Task prompt: With the pictures excluded, repeat every entry exactly.

Image-text web data:
★ ★ ★ ★ ★
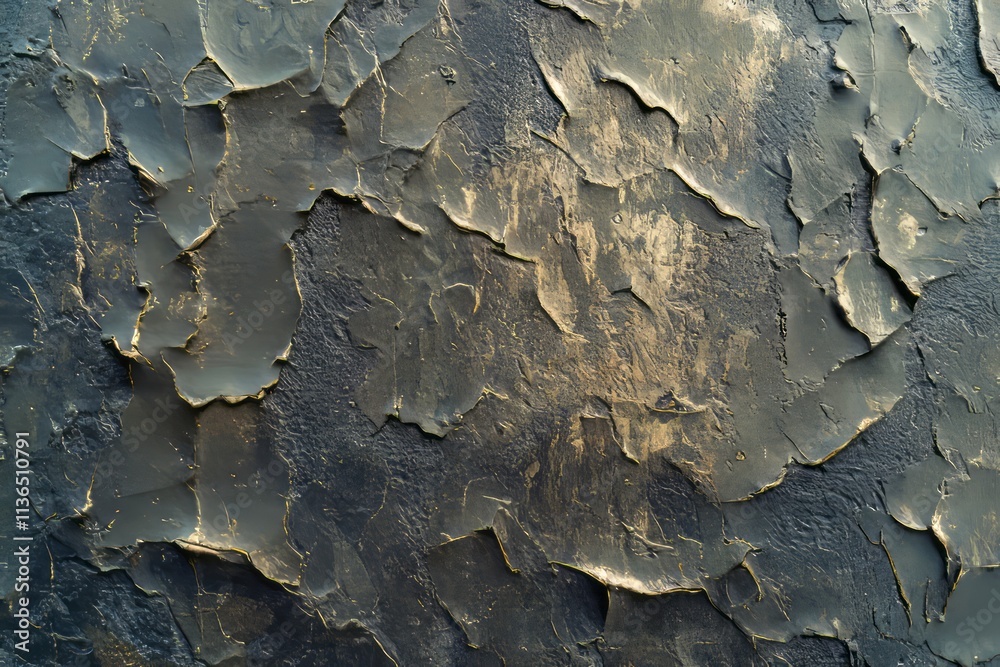 Poster Discovering a liquid-like texture with unique patterns and colors in natural formations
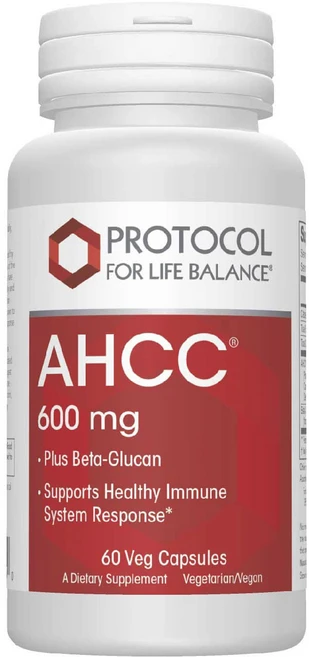 프로토콜포라이프밸런스 AHCC 600mg 베지 캡슐, 1개, 60정 - 쿠팡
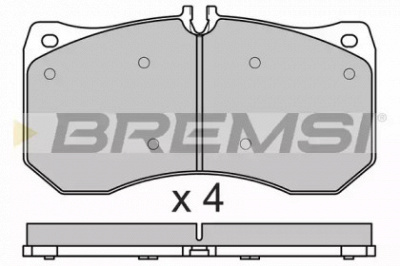 BREMSI bp3677 -  Комплект тормозных колодок, дисковый тормоз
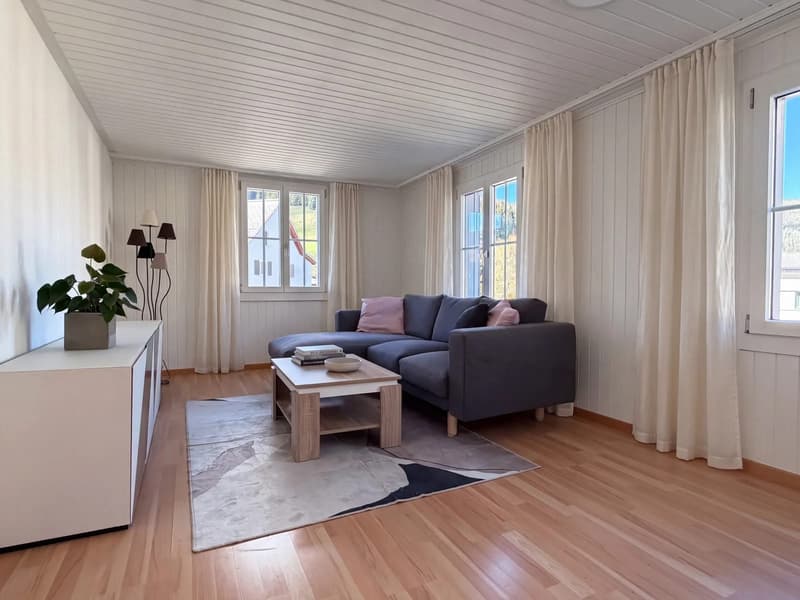 Möblierte 2-Zimmer-Wohnung mit Blick ins Grüne in Unteriberg (3)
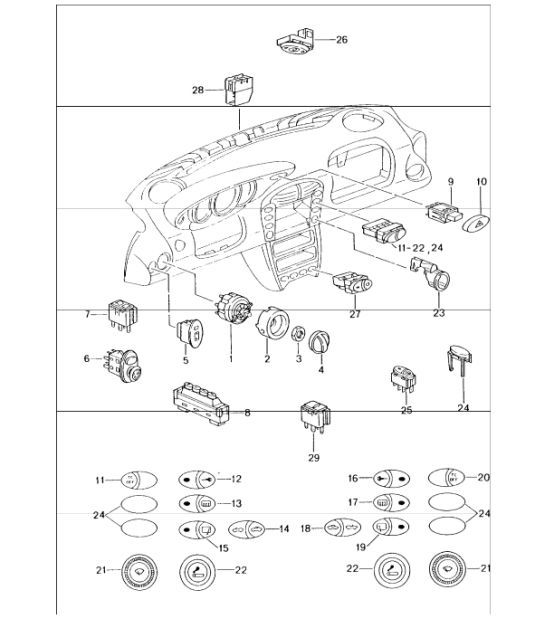 Diagram 903-05 Porsche 964 (911) (1989-1994) Electrical equipment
★ ★ ★ ★ ★
Exercise response:
 Poster Discovering a liquid-like texture with unique patterns and colors in natural formations
 프로토콜포라이프밸런스 AHCC 600mg 베지 캡슐, 1개, 60정 - 쿠팡
 BREMSI bp3677 -  Комплект тормозных колодок, дисковый тормоз
 Möblierte 2-Zimmer-Wohnung mit Blick ins Grüne in Unteriberg (3)
 Diagram 903-05 Porsche 964 (911) (1989-1994) Electrical equipment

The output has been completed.